Karnali Air Pvt. Ltd. was a helicopter airline based at Tribhuvan International Airport in Kathmandu, Nepal, operating chartered helicopter services. It merged with Necon Air in 2001 but kept operating under its name.

== History ==
In 2001 Karnali Air was, along with Shangri-La Air, part of an ‘operational merge’ with Necon Air.
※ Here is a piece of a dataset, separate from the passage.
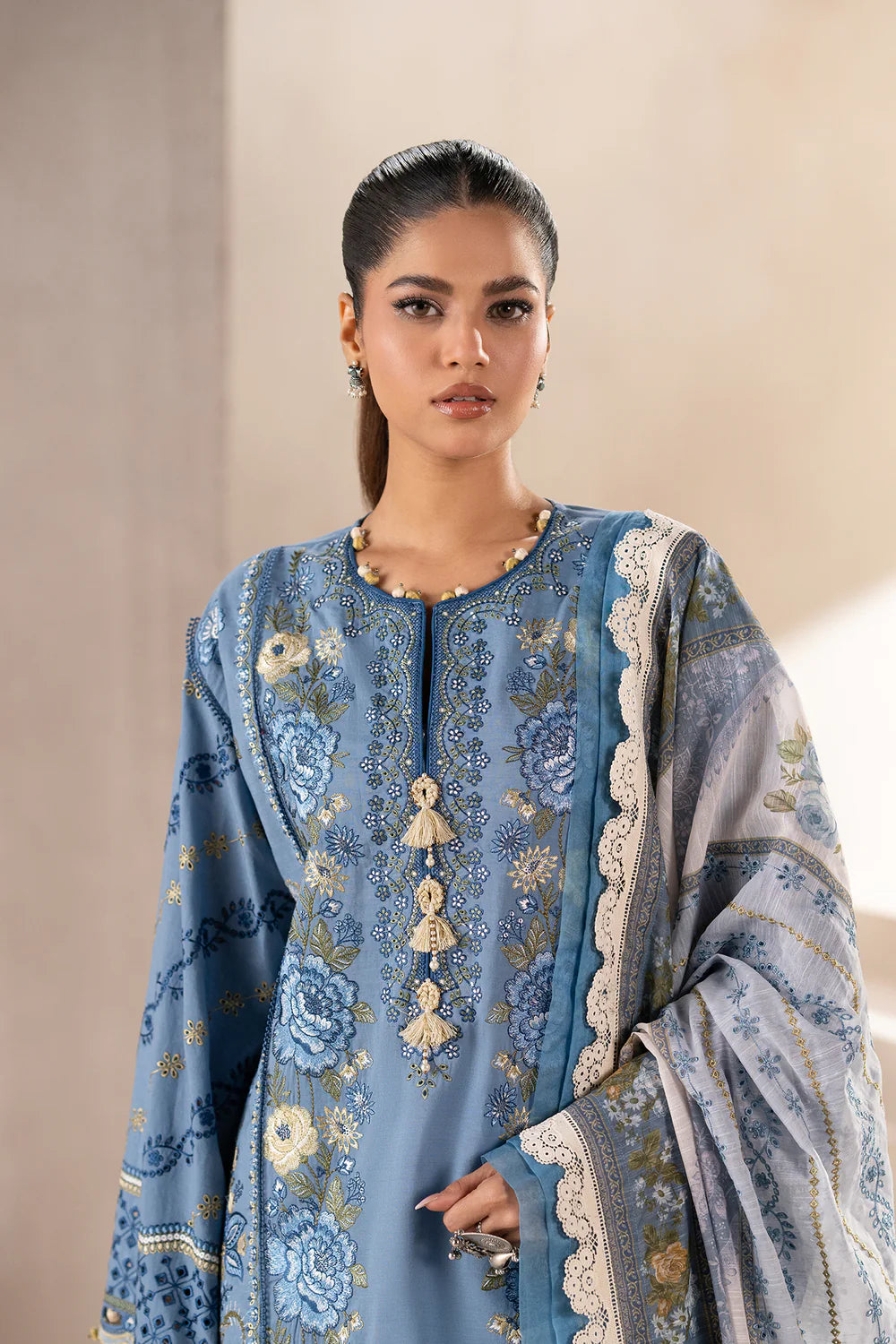 Ethnic 3Pc Embroidered Lawn Suit E0511/203/628 gulbuy.com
The Executive Chairman of Karnali Air, Narayan Singh Pun took on the position of Executive Chairman and managing director of Necon Air.

== Fleet ==
At the time of closure, Karnali Air operated the following aircraft:

Karnali Air fleet
| Aircraft | In fleet | Notes |
|---|---|---|
| Eurocopter Ecureuil | 6 |  |

== Accidents and incidents ==
- 19 September 2002 – A Karnali Air Eurocopter Ecureuil on a medivac mission was attacked in Jubu, Solukhumbu and set on fire by members of the People's Liberation Army, Nepal during the Nepalese Civil War. The pilot and one passenger were abducted but let go one day later.
- 8 August 2006 – A Karnali Air Mil Mi-8MTV-1 crashed at Tribhuvan International Airport during a ground check-up. Seven people were injured.